Cost and latency pull in opposite directions only when materialisation choices are made without telemetry. We instrument every dbt model with cost-per-run and p95 query latency, then set independent thresholds for each. Hot models that serve live dashboards stay as tables with incremental refresh. Cold models used for one-off analysis are views, never materialised. Clustering keys on Snowflake and partition pruning on BigQuery typically cut per-query cost by 30 to 50 percent without changing the query the analyst writes. The two metrics are tracked separately so a change to one does not silently degrade the other.
How does Hotreloads handle DPDP and GDPR data retention inside the pipelines it builds?
Retention is a pipeline property, not an ops task applied after the fact.
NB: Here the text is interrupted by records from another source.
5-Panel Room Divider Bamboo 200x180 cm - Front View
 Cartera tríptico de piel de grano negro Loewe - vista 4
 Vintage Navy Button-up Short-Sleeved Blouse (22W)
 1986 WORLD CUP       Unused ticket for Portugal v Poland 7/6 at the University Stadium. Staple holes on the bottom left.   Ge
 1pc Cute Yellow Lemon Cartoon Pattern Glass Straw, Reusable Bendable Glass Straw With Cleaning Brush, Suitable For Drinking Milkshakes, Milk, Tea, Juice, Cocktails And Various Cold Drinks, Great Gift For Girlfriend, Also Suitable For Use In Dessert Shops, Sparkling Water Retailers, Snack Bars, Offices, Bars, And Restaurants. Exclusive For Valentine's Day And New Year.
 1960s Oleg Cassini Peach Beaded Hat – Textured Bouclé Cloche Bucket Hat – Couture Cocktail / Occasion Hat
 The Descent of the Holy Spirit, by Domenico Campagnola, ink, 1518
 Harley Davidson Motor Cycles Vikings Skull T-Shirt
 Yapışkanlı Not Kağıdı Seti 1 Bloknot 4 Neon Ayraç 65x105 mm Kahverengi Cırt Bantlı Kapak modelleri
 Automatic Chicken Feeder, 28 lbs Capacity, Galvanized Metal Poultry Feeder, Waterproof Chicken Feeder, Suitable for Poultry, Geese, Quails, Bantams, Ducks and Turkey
We tag every column with a sensitivity label in the data contract, and that label drives three automated behaviours: a retention TTL enforced by a scheduled Airflow DAG, a masking policy applied at the warehouse layer (Snowflake Dynamic Data Masking or BigQuery column-level security), and a deletion-propagation test that verifies a delete in the source system reaches the warehouse within 30 days. Both DPDP and GDPR require documented lineage to prove the deletion. Our column-level lineage, built in dbt, produces that documentation as a build artifact.
When is a pipeline rebuild cheaper than patching the existing one?
We run a 2-day audit before recommending either path. Rebuild wins when three or more of these are true: no data contracts exist at source boundaries, schema changes break downstream models more than once per quarter, there is no automated data-quality testing in CI, or the current stack has no lineage past the warehouse boundary. Patching wins when the existing orchestration is working and the failure mode is isolated (a single dbt model, one misconfigured Flink job). In our experience, systems built before 2020 without a contract layer almost always cost less to rebuild over an 18-month horizon than to maintain with point fixes.
How does Hotreloads price a data-pipeline engagement?
Outcome-based. We only take pipeline work where the price ties to a number you can measure: milliseconds off a reporting window, or dollars off a warehouse invoice. No per-seat licence, no fixed package. Engagements open with a short paid discovery that produces the baseline number your CFO signs off on; the build contract then pays out against beating that number, not the calendar. If we can't measure the outcome, we don't quote it.